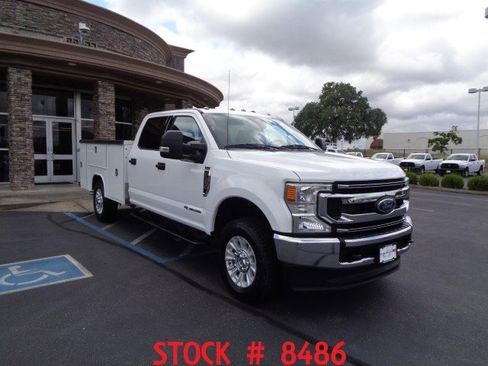Used 2021 Ford F350 XLT AWD/4WD image 10
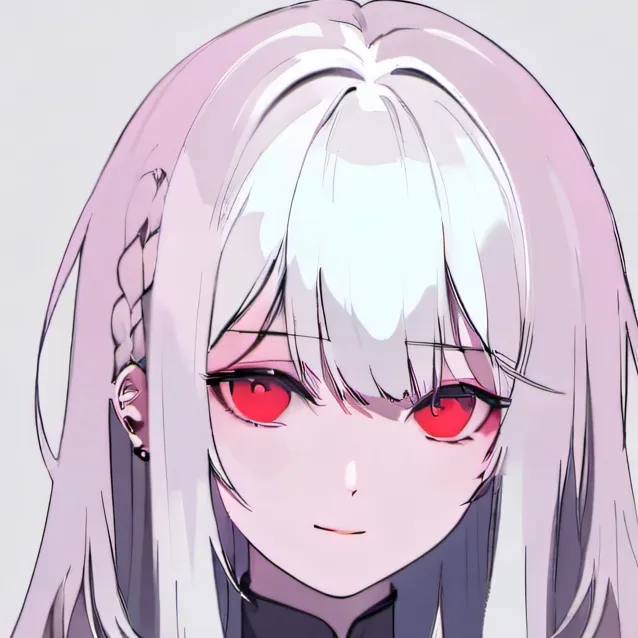 chat with ai character: Tu novia 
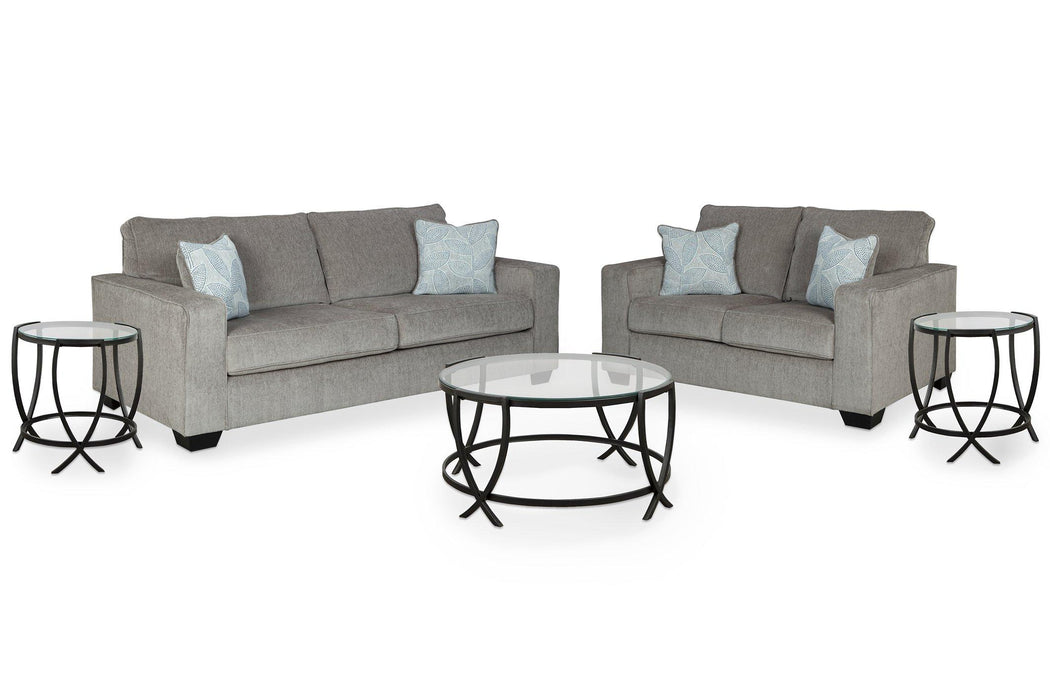 Altari Living Room Set - Golden Home Furniture (Columbus, OH) - Multi Location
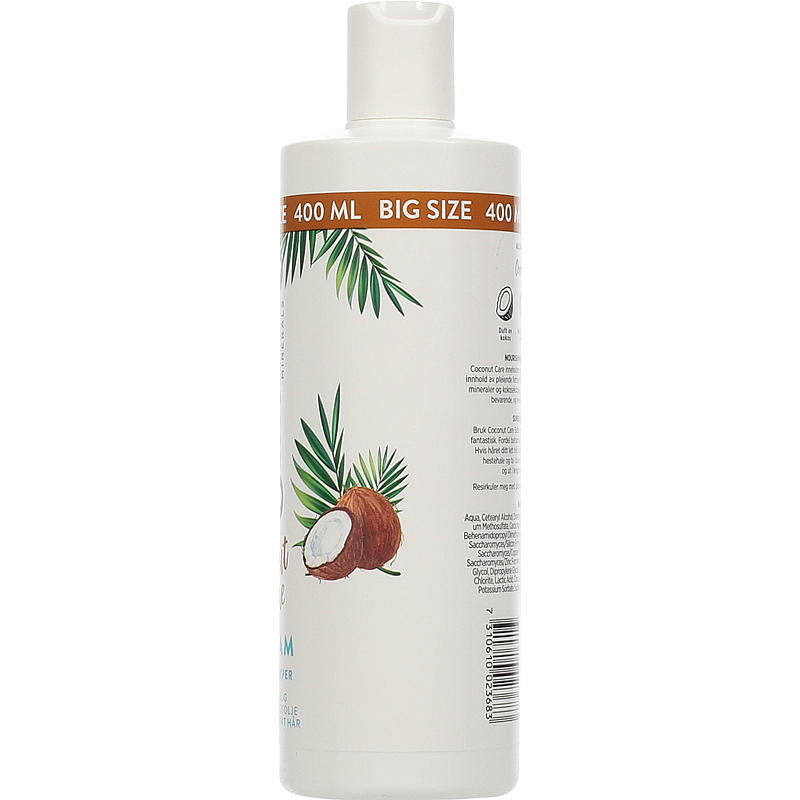 Sunsilk Balsam 400 ml Kokosnusspflege Sunsilk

Task: Nothing but the lines from the line with "Altari Living Room" through the end of the listing should appear in the answer, each duplicated exactly, without pictures.

Written response:
 Altari Living Room Set - Golden Home Furniture (Columbus, OH) - Multi Location
 Sunsilk Balsam 400 ml Kokosnusspflege Sunsilk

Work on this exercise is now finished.